__What needs to be done__: Give the data below again exactly as written, but without the pictures.

__Dataset section__:
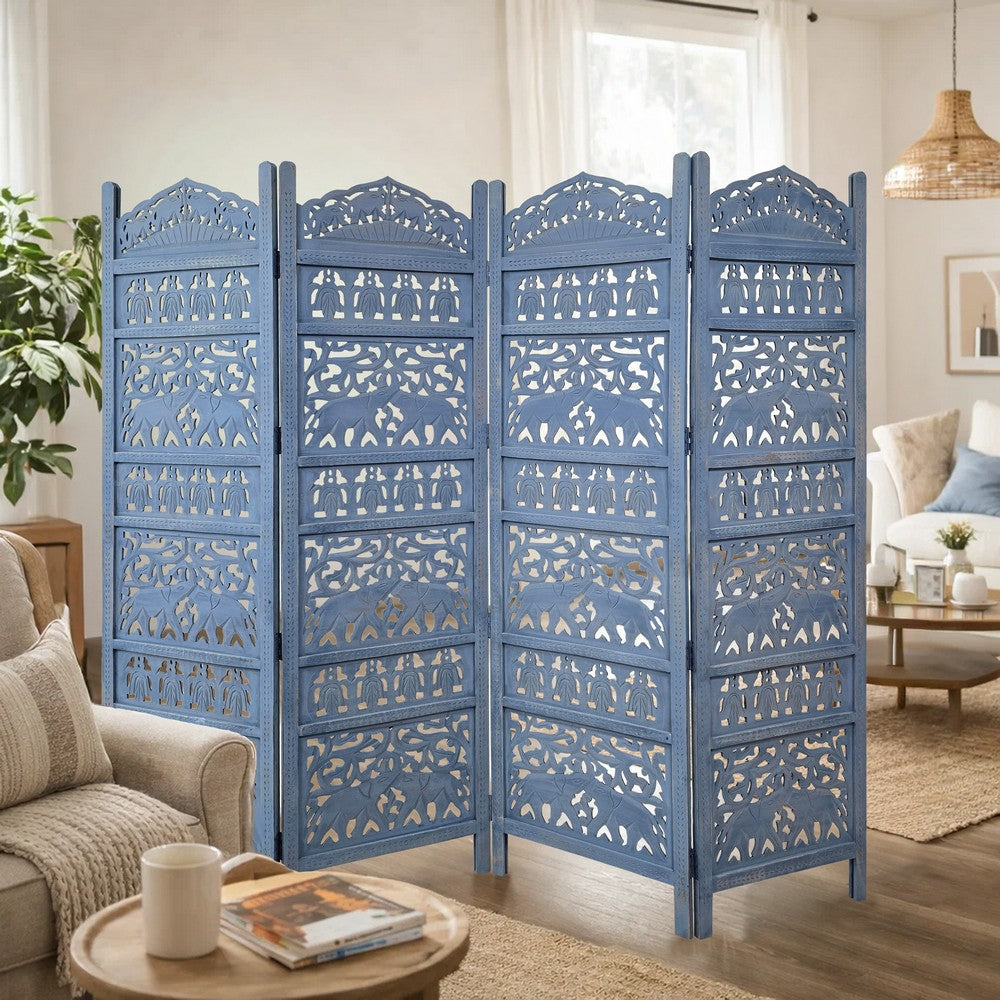 Jumbo 4 Panel Folding Room Divider Screen, Antique Blue Mango Wood, Elephant Motif Carved Design - UPT-310990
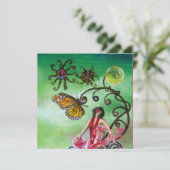 TUIN VAN DE MELISSA 2, helder rood, roze groen Kaart (Staand voorkant)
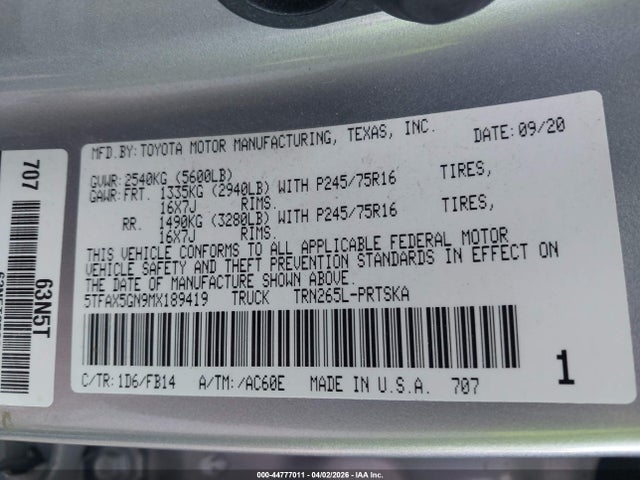 44777011 :رقم المزاد ، 5TFAX5GN9MX189419 vin ، 2021 Toyota Tacoma Sr مزاد بيع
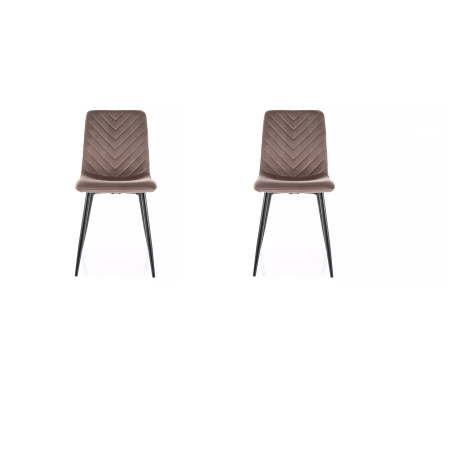 Lot de 2 chaises en velours - Gamme Daren - Beige cappuccino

__Exercise response__:
 Jumbo 4 Panel Folding Room Divider Screen, Antique Blue Mango Wood, Elephant Motif Carved Design - UPT-310990
 TUIN VAN DE MELISSA 2, helder rood, roze groen Kaart (Staand voorkant)
 44777011 :رقم المزاد ، 5TFAX5GN9MX189419 vin ، 2021 Toyota Tacoma Sr مزاد بيع
 Lot de 2 chaises en velours - Gamme Daren - Beige cappuccino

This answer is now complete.